Duke Beijing Olympics 2008 Commemorative circa 2004, 14k gold nib, metal plate over brass, aerometric
A very elaborate pen issued by Duke in China commemorating the award of the 2008 Olympics to Beijing. Note that the logo on the pen is the used while Beijing was bidding for the Olympics; this is different from the final logo. Duke is one of China's top pen makers and tends to produce more elaborate pens than other Chinese companies like Hero.
Platinum Cranes and Mt Fuji Maki-e 2004, 18k gold nib, maki-e lacquer over resin, cartridge/converter
Platinum is one of the "big three" Japanese pen companies (the others being Pilot/Namiki and Sailor). Maki-e pens are hand painted urushi lacquer with gold, abalone, and other materials. They are very expensive (from a few hundred to multiple thousands) due to the extensive hand finishing required for each pen, and as such are more like art pieces than pens. This particular model is Asian market only, released 2004, and signed by the artist on the reverse.
Art Alternatives Calligraphy Pen 2005-2006, gold plated steel nib, plastic, cartridge/converter
A typical art store calligraphy fountain pen. Functional, but with very cheap fittings and finish. Looks similar to the Osmiroid kits.
Aurora Optima c.2006, 18k nib, celluloid, piston
One of Aurora of Italy's nicer pens, with a piston mechanism.
Sailor 1911M c.2006, 14k gold nib, plastic, cartridge/converter
The 1911M is the mid-size version of the 1911 series from Sailor of Japan.
Levenger True Writer Flourish Sept 2007, gold-plated steel nib, cartridge/converter
Levenger, a seller of pretentious "tools for serious readers" has its own pen line, featuring the True Writer.

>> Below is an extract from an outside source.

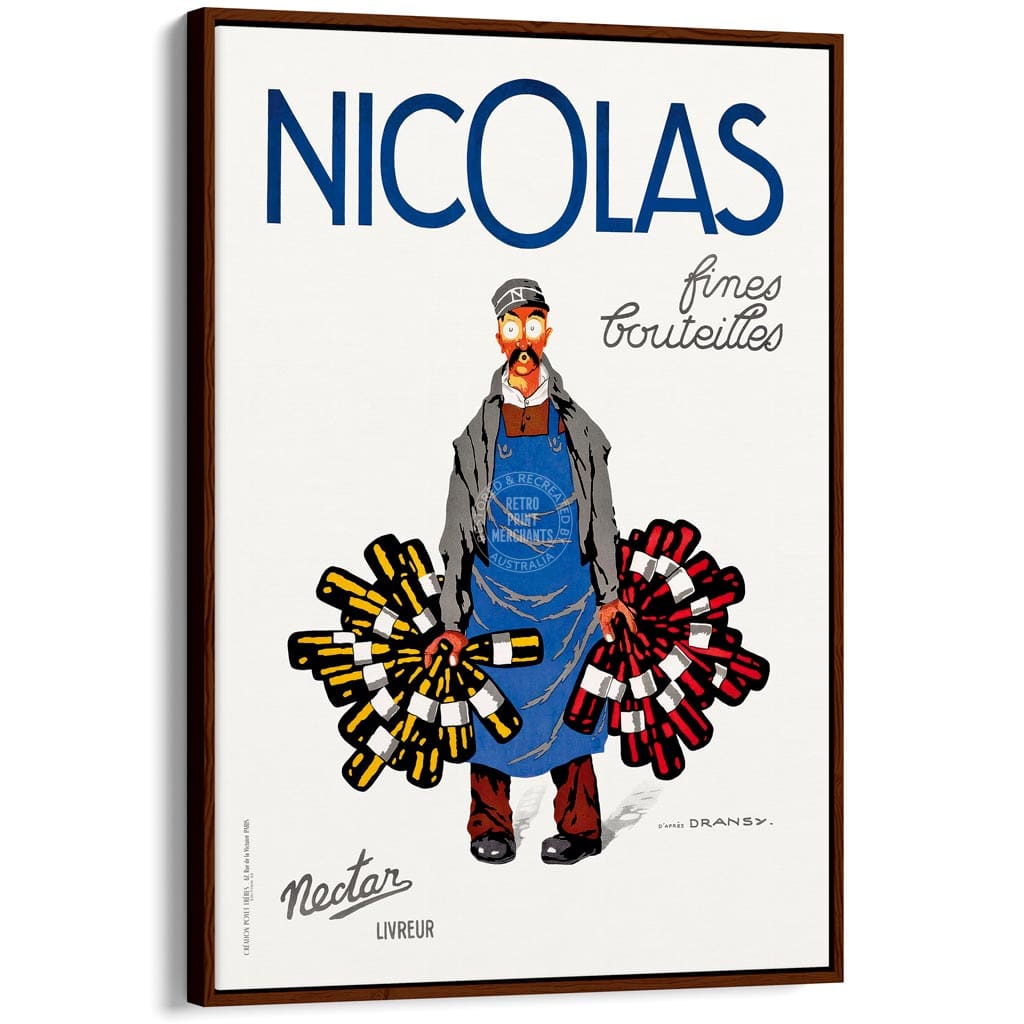 Nicolas Wines | France A4 210 X 297Mm 8.3 11.7 Inches / Canvas Floating Frame: Chocolate Oak Timber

Vaguely Esterbrook-inspired (down to the interchangeable nibs), it comes in a huge number of finishes that are changed every few months.
Pilot 78G c.1990s-2000s, gold-plated steel nib, plastic, aerometric
One of Pilot's basic inexpensive pens (the cap bands are painted on instead of being plated metal, for instance).
Sailor Hi-Ace c.2000s, gold-plated steel nib, steel, cartridge/converter
This cute little pen is not commonly sen in the United States and does not always appear in English-language catalogs.
Sailor Hi-Ace c.2000s, gold-plated steel nib, plastic/steel, cartridge/converter
This is probably the more common version of the Hi-Ace, with a plastic body and metal cap.
Platinum Riviere PTR-200 c.2000s, steel nib, plastic, cartridge/converter
These cheap pens were made by Platinum (in a Chinese factory) for Daiso, a 100-yen shop (the Japanese equivalent of dollar stores). Note that the Riviere name is also used for a much nicer Platinum pen; this is the cheapie one labeled PTR-200 (indicating a retail price point around 200 yen)
Daiso, unknown cartridge pen c.2000s, steel nib, plastic, cartridge/converter
Daiso (the Japanese dollar store) has these little fountain pens made under their own brand. No idea who the manufacturer is, but they take knockoff Sailor-compatible cartridges (the cartridges themselves have molding flash and are not finished to the same quality as actual Sailor cartridges, but they are compatible). I don't know that this pen was even given the dignity of a name; the katakana on the packaging (as near as I can make out) says just "cartridge pen."
Unknown Snake Pen c.2000s, gold-plated steel nib, brass, cartridge/converter
This pen is much to cumbersome and unwieldly to actually use, but as a cheap decorative piece it isn't bad. I do not know who makes it, but the box has a "Taiwan" sticker, so it could be Genius.
Jinhao Olympic Torch c.2008, gold-plated steel nib, cartridge/converter
With the popularity of the Beijing 2008 Olympics came a whole bunch of commemorative tchotchkes from China's workshops. This pen from Jinhao is made to look like the Olympic Torch and is much cheaper-looking up close than it is at a distance.